Considering this film is a low-budget indie flick, I was pleasantly surprised at how well it played out across my screen. There's some real attention to detail and a nice flair for the cinematic at work here, along with some creative ways to get around the fact Rabbath didn't have twenty million bucks to produce this movie. The "blurring" of some of the visuals and effects saved some cash and worked atmospherically - along with a heaping helping of audio queues and atmospheric noises. From production to post-production, "The Waiting" stands tall and proud against some of the best low-budget, independent movies I've seen.
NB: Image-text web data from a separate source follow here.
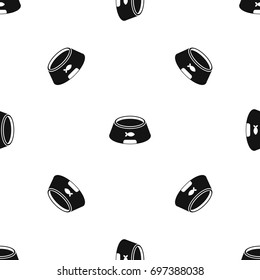 Bowl for animal pattern repeat seamless in black color for any design. Vector geometric illustration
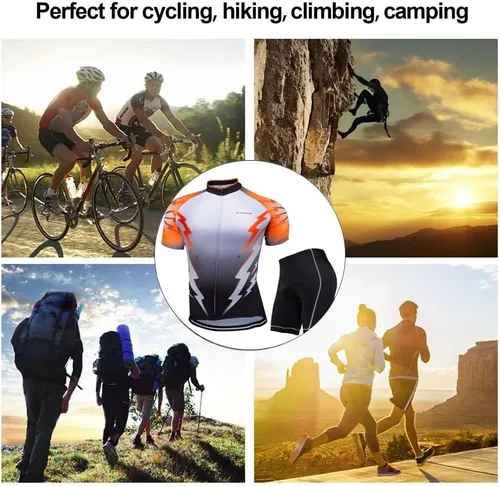 Vista 6 de Conjunto de jersey de ciclismo de manga corta para hombre, transpirable, de secado rápido, acolchado 3D, pantalones cortos de bicicleta MTB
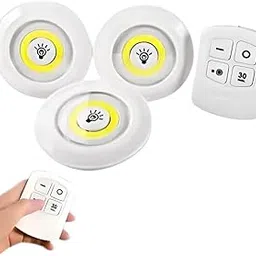Drumstone (𝐒𝐩𝐞𝐜𝐢𝐚𝐥 𝟏𝟓 𝐘𝐞𝐚𝐫𝐬 𝐖𝐚𝐫𝐫𝐚𝐧𝐭𝐲 Wireless LED Light Set of 3 with Remote Control, Battery Operated Stick-On Lights with Adjustable Brightness & Timer, No Wiring Needed,-picture-38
Yet, some of the characterizations, especially during this film's first act, did strike me as unusual. For instance, I couldn't for the life of me understand why every character was, well, a dick. Aside from Sally, there was not a single decent person anywhere to be seen. Sure, there was Eric and his mother - but every hotel guest, near every employee, and pretty much everyone, in general, was immediately not likable. Even Eric himself came across as just a little over the top - bordering more on the lazy loser character-type than a likable buffoon. Thankfully, a lot of this was addressed eventually, except maybe the hotel guests - who never seemed happy about anything.
That doesn't mean that the cast of "The Waiting" didn't do a great job with their characters. As a matter of fact? One of the reasons this movie works is the performances, and watching the characters develop was a treat. This genre-bending film relies heavily on how the cast portrays their characters, and considering my rating; they clearly went above and beyond. Of that, there is no question.
"The Waiting" is a well made, nicely acted indie flick that relishes in its own unique nature. It's as much a romance as it is a ghost story, and honestly? The way it played with the happy/sad emotions at the end was a real stroke of genius. There were a couple of laughs and some cool scenes but honestly? The fact that Rabbath and his troupe play with established genres and, yes, even the idea of a text messaging ghost all come into play, making "The Waiting" a unique viewing experience. Four out of five stars.